» **TASK OBJECTIVE**
Skip pictures in the listing below; copy exactly the lines from the one with "Antonio Melani Floral" through the one with "Glitter tattoo 033 Crowned Heart Pack Of 5", inclusive.

» **MATERIAL SUPPLIED**
[Start of section]
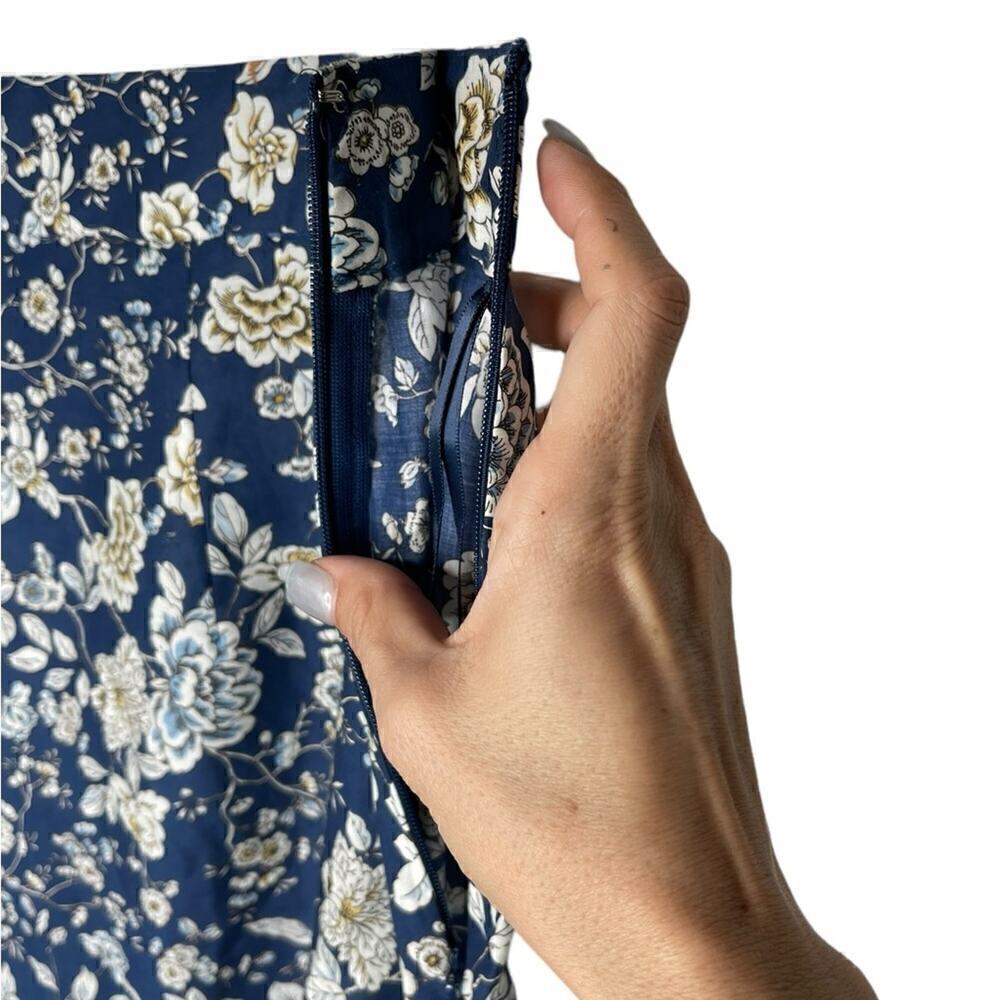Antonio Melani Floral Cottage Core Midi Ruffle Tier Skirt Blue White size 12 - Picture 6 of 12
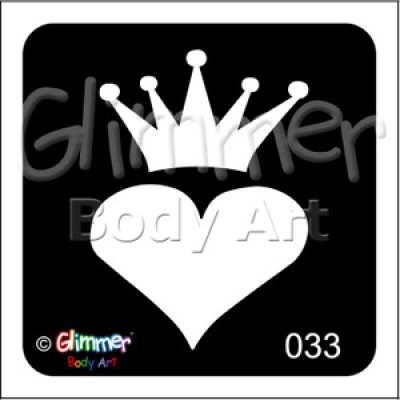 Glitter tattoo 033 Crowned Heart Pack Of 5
[End of section]
[Start of section]
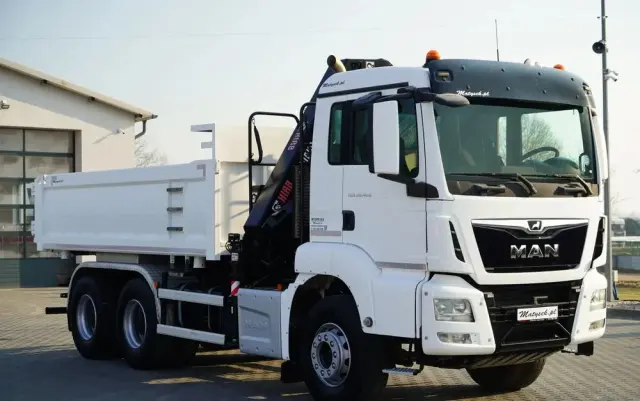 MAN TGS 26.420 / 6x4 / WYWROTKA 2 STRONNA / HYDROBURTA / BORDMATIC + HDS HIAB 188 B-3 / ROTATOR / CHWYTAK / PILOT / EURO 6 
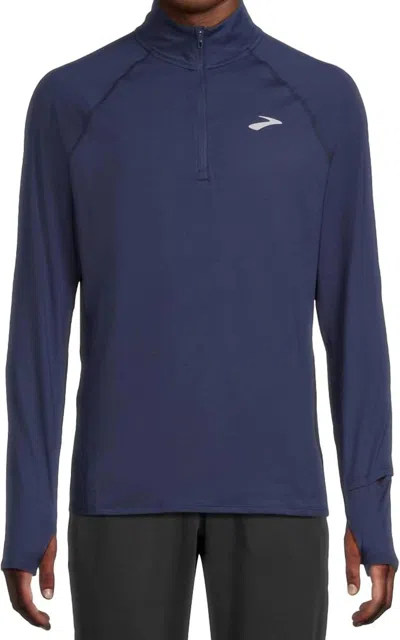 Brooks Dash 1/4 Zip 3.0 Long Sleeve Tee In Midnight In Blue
[End of section]
[Start of section]
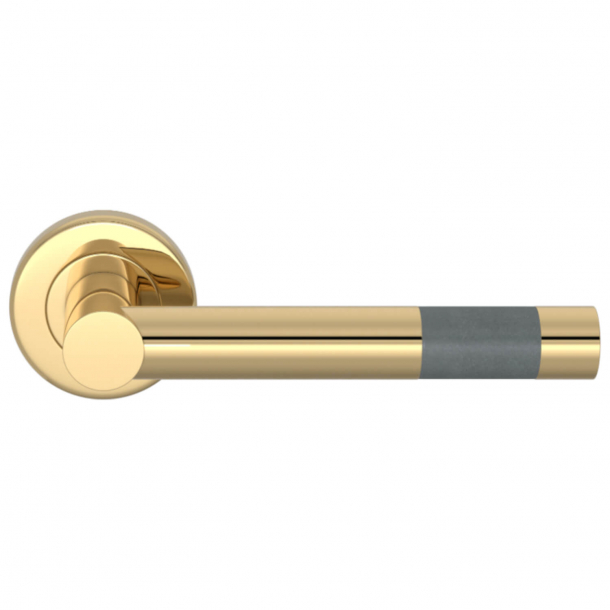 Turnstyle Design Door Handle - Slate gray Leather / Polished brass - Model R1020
[End of section]
» **OUTPUT FOR THIS TASK**
Antonio Melani Floral Cottage Core Midi Ruffle Tier Skirt Blue White size 12 - Picture 6 of 12
 Glitter tattoo 033 Crowned Heart Pack Of 5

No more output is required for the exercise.